Mesmo sem esse nome, percebi haver ali Natal. E, mesmo sem o dizer, foi espontâneo pensar como no Natal “Deus veio habitar nos nossos limites”: no limite da situação daquela mãe mas também no limite da situação de cada um dos filhos. Sim, Deus habita ali, como que em gruta mas onde se percebe uma saída, um ponto de luz. Habita no esforço corajoso desta mãe como no empenho compreensivo de cada um dos filhos. Habita em cada um e habita naquele “entre eles”, espaço preferido para o Seu estar connosco: porque habita na partilha tanto das soluções procuradas e encontradas como da ausência de respostas; na transparência do ser, em cada conta ou cêntimo que se põe em comum, na conjugação do “eu” com o “tu” – “ele” – “nós”!

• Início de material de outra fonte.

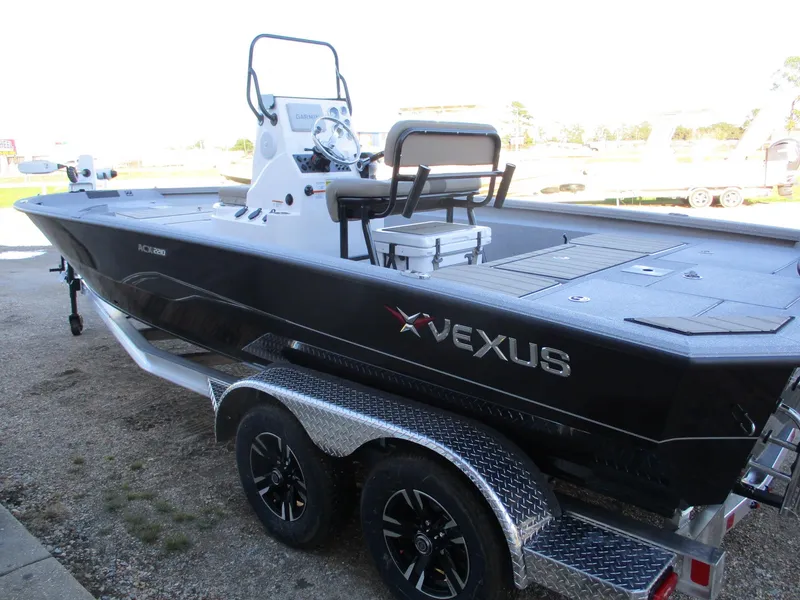 Slide: The Image of 2025 Vexus ACX 2210 boat on trailer, side view, black exterior. - 6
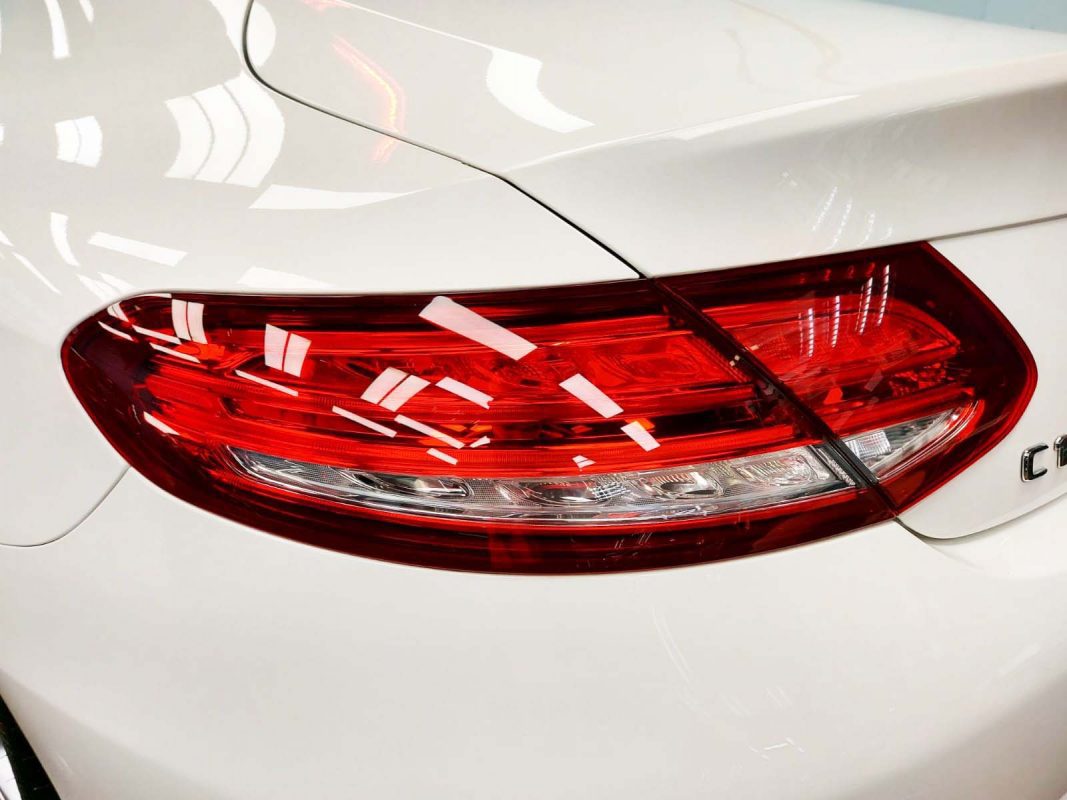 Rear quarter of the C180, glossy and protected.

Compreendi então melhor a esperança que o Natal é. E o Natal que acontece em cada gesto e passo de esperança assim vivido. Entendi como mesmo sem assim o chamar, estava ali um Menino – Deus, início de humanidade renovada. A esperar de mim apenas a minha parte, de lágrima ou de luz, já não sei, para que simplesmente pudesse crescer… o Menino, a Humanidade, cada um de nós. E na saída de mim – para um telefonema, uma mensagem, a entrega daquele CV, a disponibilidade para atender o filho… – encontrei a esperança: mora no meio de nós que o dom de si mesmo cria, no meio de quantos nos dispomos assim a conjugar o “eu” no “nós” onde encontramos o outro, que depressa reconhecemos Outro a conduzir-nos, Humanidade.